Troisième et dernier refus d'un ministère. Nicolas Hulot décide alors de se lancer dans la présidentielle via la primaire d’Europe Ecologie-Les Verts organisée en 2011, l’année où prend fin sa carrière d’animateur. Mais il s’incline face à Eva Joly - et face à un appareil du parti hostile. L’échec est douloureux, mais qu’à cela ne tienne. Il se rapproche du nouveau président de la République François Hollande, dont il devient en décembre 2012 "envoyé spécial pour la protection de la planète". Cette mission culmine, et prend fin, lors de la COP 21 organisée en décembre 2015 à Paris. En février 2016, il refuse une troisième - et dernière fois - de se voir confier un grand ministère de l’Écologie. Faute de garanties suffisantes sur plusieurs dossiers sensibles.

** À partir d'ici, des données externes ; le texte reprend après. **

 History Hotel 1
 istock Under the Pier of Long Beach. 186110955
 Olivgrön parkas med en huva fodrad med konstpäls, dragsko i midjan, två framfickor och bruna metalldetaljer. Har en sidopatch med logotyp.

- Des dossiers chauds, des frictions potentielles
Si Emmanuel Macron a fini par vaincre les réticences de Nicolas Hulot, c’est d’abord parce que les deux hommes partagent la volonté de dépasser les clivages traditionnels. L’écologiste s’est toujours voulu transpartisan. Il ne s’est par ailleurs jamais montré convaincu par le positionnement de l’écologie politique incarnée par EELV. L'ex-animateur télé assume par exemple un nécessaire "dialogue avec le monde économique", et sa fondation est parrainée par des grandes entreprises, comme L’Oréal, EDF, TF1, ce qui lui vaut nombre de critiques de la part des Verts. Il incarne donc un écologisme teinté de libéralisme.

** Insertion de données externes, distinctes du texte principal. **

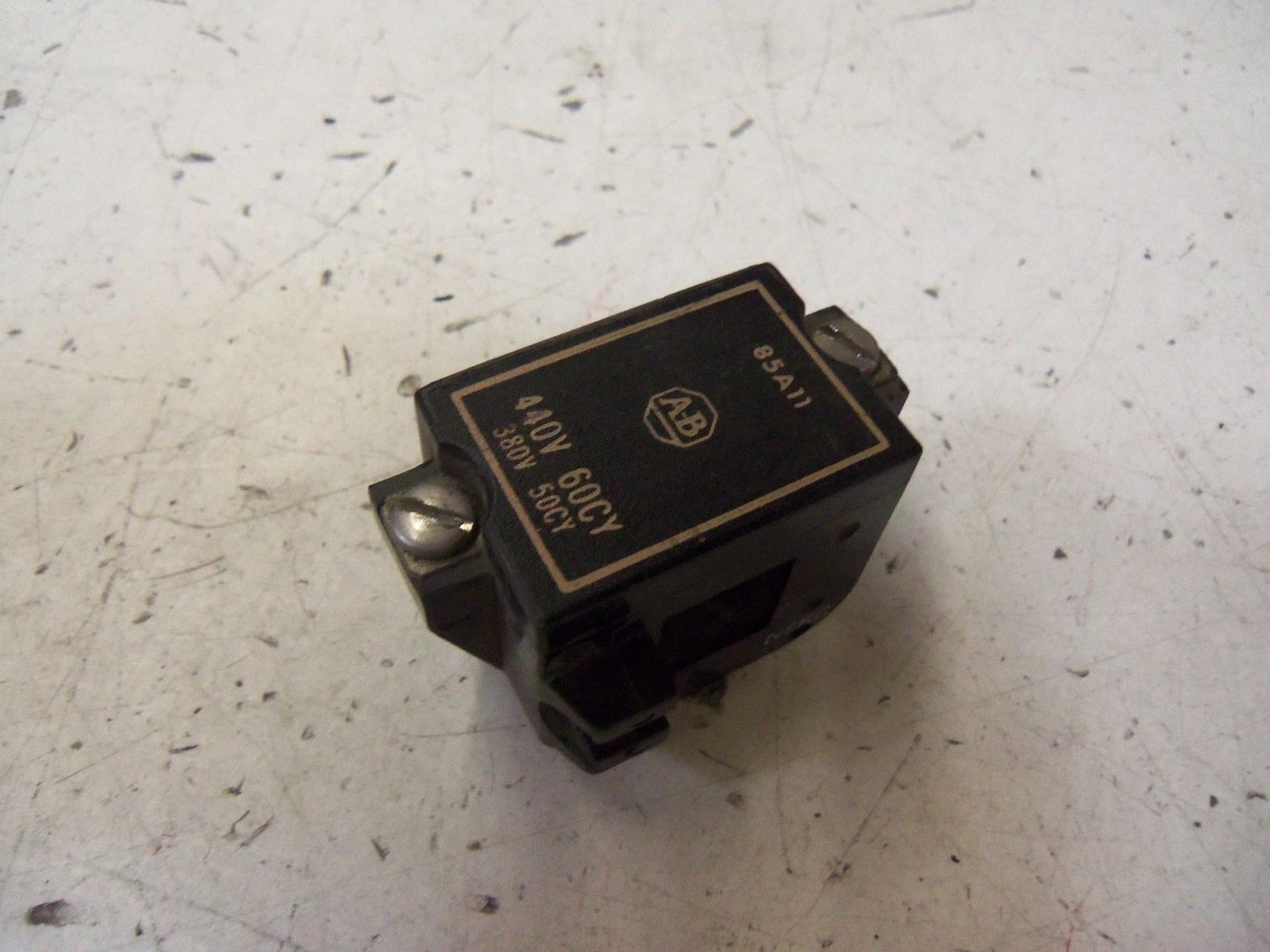 ALLEN BRADLEY 85A11 440V   COIL *NEW NO BOX*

Entre les deux tours, "pas un vote d'adhésion". Un positionnement qui instaure une proximité presque naturelle avec Emmanuel Macron. Toutefois, les sujets potentiels de friction avec le président de la République ne manquent pas. Entre les deux tours de la présidentielle, Nicolas Hulot avait indiqué dans une tribune publiée dans Le Monde qu’il voterait pour Emmanuel Macron d’abord pour faire barrage au FN. "M. Macron, ce vote de raison et de responsabilité au deuxième tour vous oblige plus qu’il nous oblige. Il ne s’agit en aucun cas d’un chèque en blanc et encore moins d’une adhésion sans réserve à votre projet, qui sous bien des aspects n’a pas pris la mesure de l’exigence de solidarité dans laquelle se trouvent le pays, l’Europe et le monde ", écrivait-il.
Les points chauds. Par ailleurs, quand il avait refusé de rentrer au gouvernement en 2016, c’était faute de garanties sur l’aéroport de Notre-Dame-des-Landes d’une part, et sur le traité de libre-échange avec le Canada (Ceta) d’autre part, auxquels le chef de l’Etat est favorable. Il plaidait aussi pour une fiscalité écologique, dont le candidat Macron n'avait pas dit grand-chose pendant la campagne. L’avenir dira si le désormais ministre de la Transition écologique a obtenu des assurances sur ces sujets.
Sur l’énergie, qui entre dans le champ de son ministère, il pourrait s’opposer cette fois au Premier ministre Edouard Philippe, ancien lobbyiste chez Areva - donc favorable au nucléaire -, et qui s’est opposé à la fermeture d’une centrale à charbon au Havre. Le couple exécutif devra donc gérer avec doigté un ministre d’Etat qui a probablement été difficile à convaincre. Et qui pourrait ne pas hésiter à reprendre sa liberté si la fonction lui pèse.